RE: Logical Absolutes
March 21, 2021 at 8:13 pm
(This post was last modified: March 21, 2021 at 8:14 pm by Belacqua.)
(March 21, 2021 at 1:33 pm)LadyForCamus Wrote: ...regarding the logical absolutes. They’re just descriptions of what appear to be immutable facts of reality.
I think the issue is: why are the immutable facts of reality as they are?
Obviously lots of people don't care about this question. And most likely it has no practical value in our lives, since it isn't going to change anything about how the world works or how we live our lives. You can't make money off it.
So most people ignore it with no problem. But others continue to wonder "why these immutable facts and not others." And as Polymath points out, they may not be so immutable -- different logics may be possible.
Quote: Theists go on and on about how they have “no grounding,” and therefore must be “transcendent.”
The word "transcendent" has a few different meanings. For Kant, it means "being beyond the limits of all possible experience and knowledge." That is, we can know the laws of logic and of math, but we can't experience or know what makes them that way. Or it means something that is "above" and independent of materiality. This is not so scary -- it just means that it is a law which applies overall, non-contingently.
I think in the discussion you're referring to, it means that there's no way we can derive the laws from material conditions -- they aren't caused by matter, in the way that heat is caused by vibrating atoms.
Quote:They’re grounded by reality itself.
They make themselves visible to us in the way material reality behaves. But does that mean they are "grounded" there? Does matter CAUSE the rules of logic?
And of course you're using "reality" in a particular way. You'd have to show that immaterial laws, not grounded in matter, are not somehow also "reality."

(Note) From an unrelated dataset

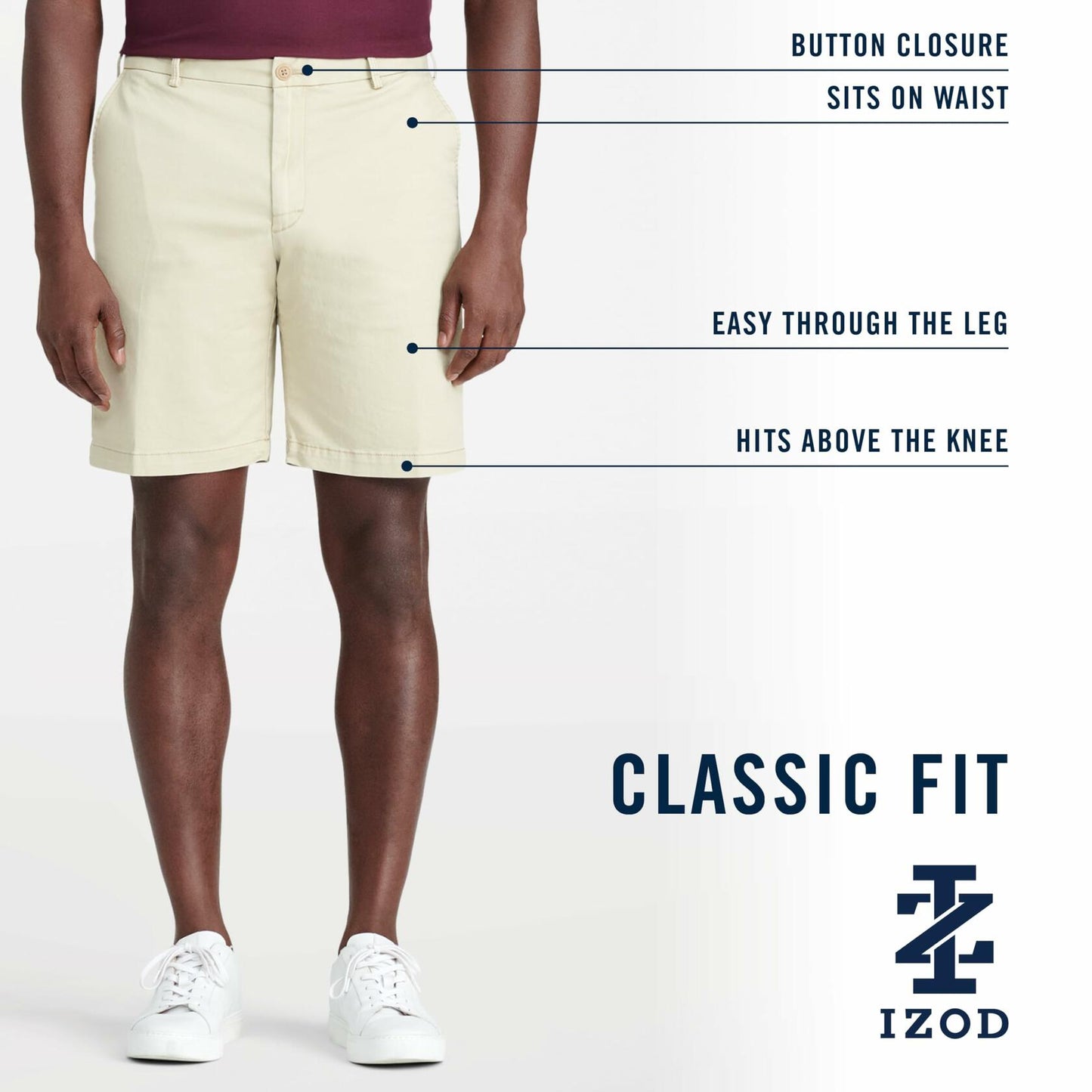 IZOD Men's Classic 9.5" Flat Front Chino Short, Saltwater Red PH162, 40 Regular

Quote:They’re merely labels we use to talk about the world in its current state, just like numbers are symbols that represent quantities of things that exist.
Here you're going to get a lot of people who disagree with you.
No doubt when people started using numbers, we used them for quantities of material objects. Or perhaps units of time. But the ancient Greeks and Indians made that problematic pretty early on. There are numbers which don't refer to quantities of objects.
I'm no mathematician, but some very smart people -- e.g. Roland Penrose -- claim that numbers have an independent existence, not related to physical quantities. So maybe be careful here.
Quote:But they don’t come from anywhere. They just are.
This is what they call "brute facts" in philosophy. "Why are things this way? They just are."
Isaac Newton changed the way science works by changing his metaphysical approach to looking at the world. Before Newton, people weren't satisfied with the "it's just that way" explanation. But Newton announced that he couldn't say what gravity is or why it acted that way, only that he could describe how it acts. And that's been how science works ever since. With lots and lots of "it just does" included.
Galileo was less willing to do this. So for example he rejected the idea that the moon causes the tides, despite abundant evidence, because he couldn't explain how distant objects could act on each other, and he wasn't satisfied with "they just do."
But "they just do" is not an explanation. "They do because they do." It's basically giving up, and saying that no answer can be given. But not everyone is willing to do that. Obviously a lot of people will reject any attempt to go beyond "they just do", because it can't be done through science. It's metaphysics. But if they want to work on it I don't see why that's bad.
(March 21, 2021 at 7:47 pm)polymath257 Wrote: Does it 'reflect a metaphysical truth' to say that a certain chess position allows mate in 3 moves? Because, when it comes down to it, mathematical 'truths' are in the same category as that statement.
Since the rules of chess are made by people, here you're making a case for Intelligent Design.